[Data shown — start]
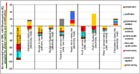 Sensitivity analysis on shadowprices: 20 €/ton instead
											of 50€/ton for global warming and 2,5€/kg instead of 4
											€/kg for acidification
[Data shown — finish]
§ What needs to be done: Print again the material above, limited to the lines from the one holding "of 50€/ton for" through the last, inclusive.

§ Answer area:
											of 50€/ton for global warming and 2,5€/kg instead of 4
											€/kg for acidification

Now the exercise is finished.